Zhang Hao, Zhang Chunhe, Li Zhi, Li Cong, Wei Xu, Zhang Borui, Liu Yuanning
College of Computer Science and Technology and Symbol Computation and Knowledge Engineering, Ministry of Education, Jilin University, Changchun, China.
College of Computer Science and Technology, Changchun University of Science and Technology, Changchun, China.
Front Genet. 2019 May 22;10:467. doi: 10.3389/fgene.2019.00467. eCollection 2019.
In recent years, obtaining RNA secondary structure information has played an important role in RNA and gene function research. Although some RNA secondary structures can be gained experimentally, in most cases, efficient, and accurate computational methods are still needed to predict RNA secondary structure. Current RNA secondary structure prediction methods are mainly based on the minimum free energy algorithm, which finds the optimal folding state of RNA using an iterative method to meet the minimum energy or other constraints. However, due to the complexity of biotic environment, a true RNA structure always keeps the balance of biological potential energy status, rather than the optimal folding status that meets the minimum energy. For short sequence RNA its equilibrium energy status for the RNA folding organism is close to the minimum free energy status; therefore, the minimum free energy algorithm for predicting RNA secondary structure has higher accuracy. Nevertheless, in a longer sequence RNA, constant folding causes its biopotential energy balance to deviate far from the minimum free energy status. This deviation is because of its complex structure and results in a serious decline in the prediction accuracy of its secondary structure. In this paper, we propose a novel RNA secondary structure prediction algorithm using a convolutional neural network model combined with a dynamic programming method to improve the accuracy with large-scale RNA sequence and structure data. We analyze current experimental RNA sequences and structure data to construct a deep convolutional network model, and then we extract implicit features of an effective classification from large-scale data to predict the pairing probability of each base in an RNA sequence. For the obtained probabilities of RNA sequence base pairing, an enhanced dynamic programming method is applied to obtain the optimal RNA secondary structure. Results indicate that our proposed method is superior to the common RNA secondary structure prediction algorithms in predicting three benchmark RNA families. Based on the characteristics of deep learning algorithm, it can be inferred that the method proposed in this paper has a 30% higher prediction success rate when compared with other algorithms, which will be needed as the amount of real RNA structure data increases in the future.

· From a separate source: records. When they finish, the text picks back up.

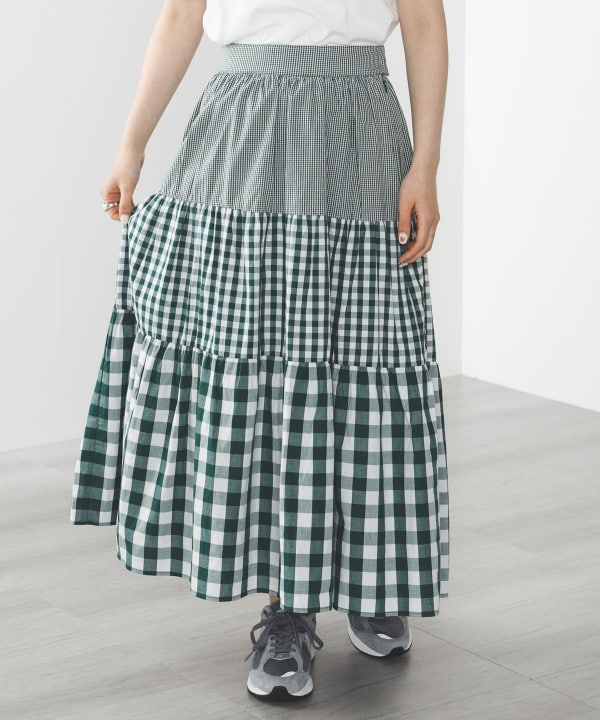 BEAMS HEART BEAMS HEART Outlet] BEAMS HEART / Gingham Check Tiered 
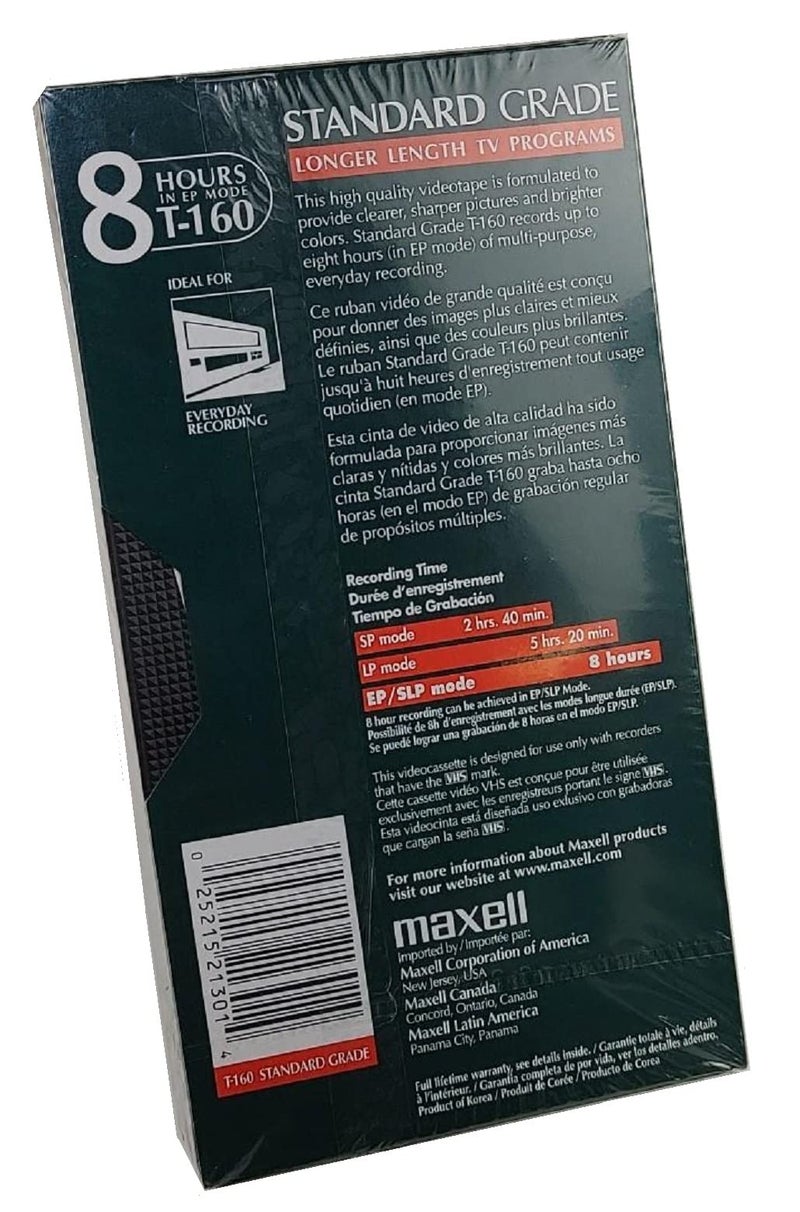 Maxell ماكسيل T-160 شريط فيديو قياسي من الدرجة القياسية - Image 3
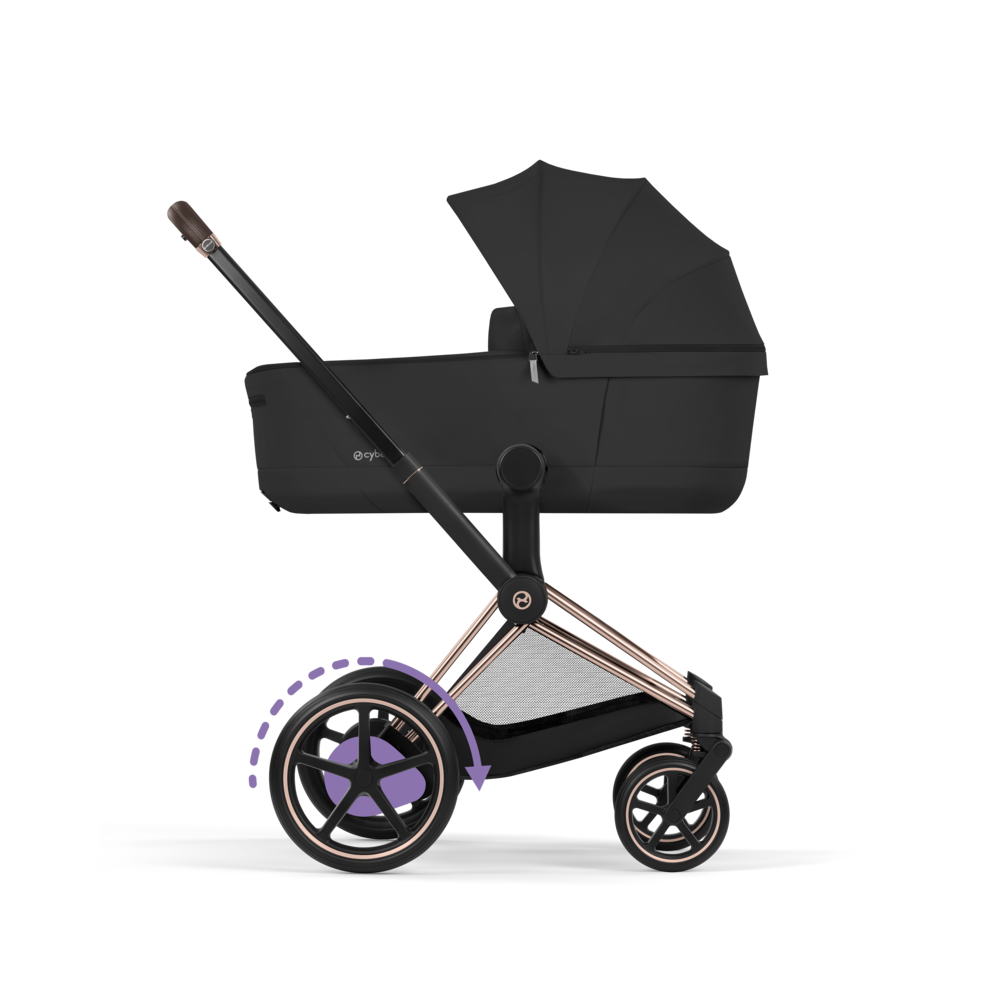 ePRIAM Comfort Rosegold incl. Babywanne, Sitzeinheit, Sitzbezug Sepia Black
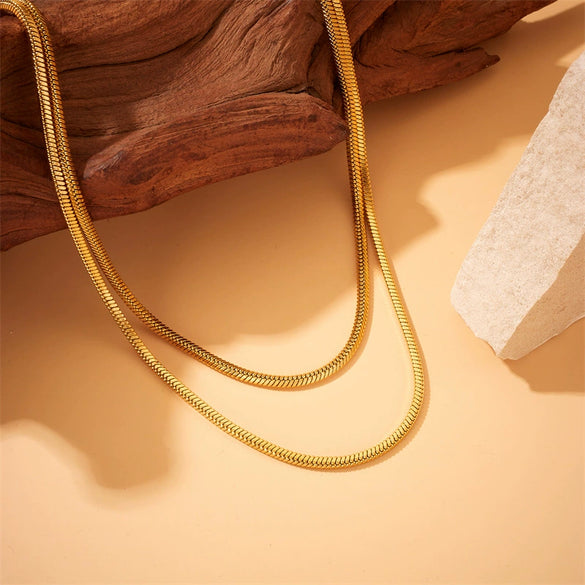 Wholesale Jewelry Stainless Steel Doublelayered Clavicle Chain Snake Bone Chain Punk Style Electroplated Unisex Necklace
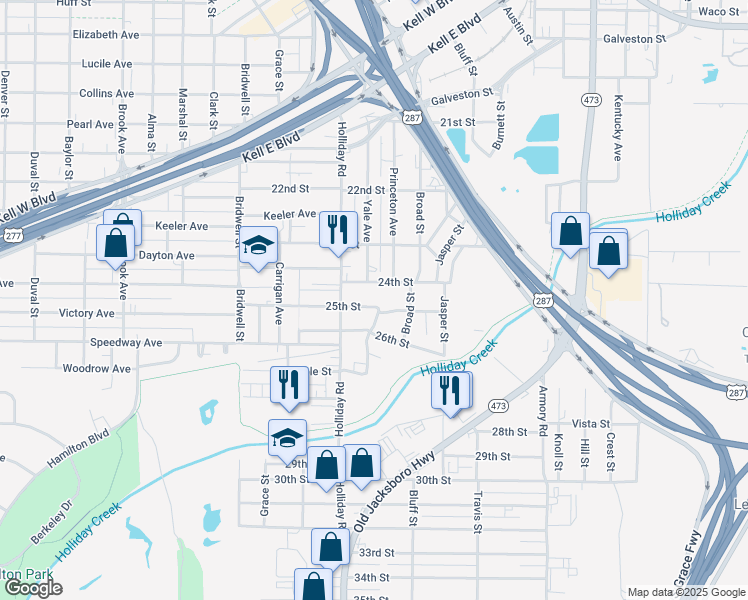 map of restaurants, bars, coffee shops, grocery stores, and more near 1416 25th Street in Wichita Falls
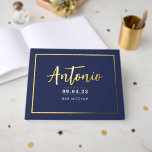 BAR MITZVAH modern faux gold name calligraphy navy Foil Guest Book<br><div class="desc">by kat massard >>> WWW.SIMPLYSWEETPAPERIE.COM <<<
more matching items in store</div>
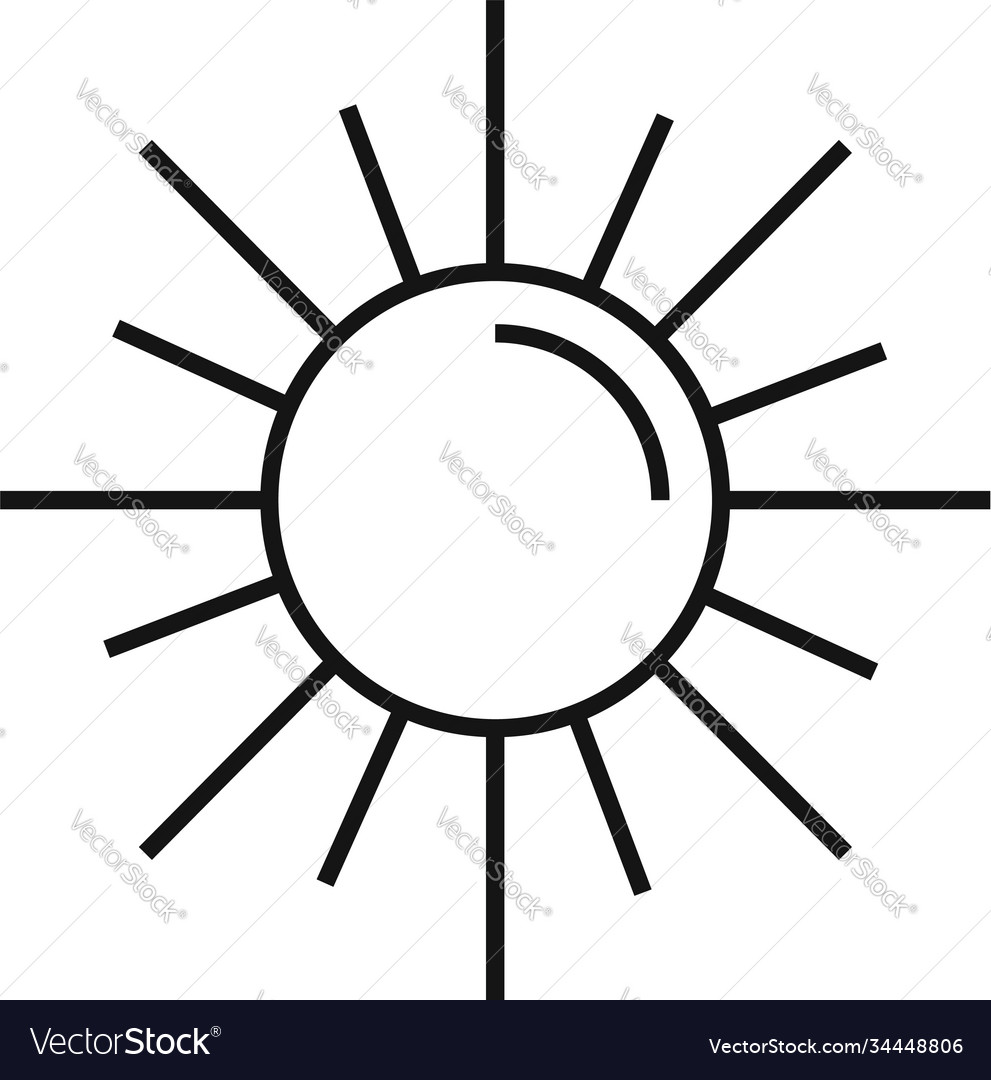 Summer sun icon outline style Royalty Free Vector Image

近年来,获取RNA二级结构信息在RNA和基因功能研究中发挥了重要作用。虽然一些RNA二级结构可以通过实验获得,但在大多数情况下,仍需要高效、准确的计算方法来预测RNA二级结构。当前的RNA二级结构预测方法主要基于最小自由能算法,该算法使用迭代方法找到RNA的最佳折叠状态,以满足最小能量或其他约束条件。然而,由于生物环境的复杂性,真实的RNA结构总是保持生物势能状态的平衡,而不是满足最小能量的最佳折叠状态。对于短序列RNA,其折叠生物体的平衡能量状态接近最小自由能状态;因此,用于预测RNA二级结构的最小自由能算法具有较高的准确性。然而,在较长序列的RNA中,持续折叠会导致其生物势能平衡远离最小自由能状态。这种偏差是由于其结构复杂,导致其二级结构预测准确性严重下降。在本文中,我们提出了一种新颖的RNA二级结构预测算法,该算法使用卷积神经网络模型结合动态规划方法,以提高对大规模RNA序列和结构数据的预测准确性。我们分析当前的实验RNA序列和结构数据,构建一个深度卷积网络模型,然后从大规模数据中提取有效分类的隐含特征,以预测RNA序列中每个碱基的配对概率。对于获得的RNA序列碱基配对概率,应用增强的动态规划方法来获得最佳的RNA二级结构。结果表明,我们提出的方法在预测三个基准RNA家族时优于常见的RNA二级结构预测算法。基于深度学习算法的特点,可以推断,与其他算法相比,本文提出的方法在未来随着真实RNA结构数据量的增加时,预测成功率高出30%。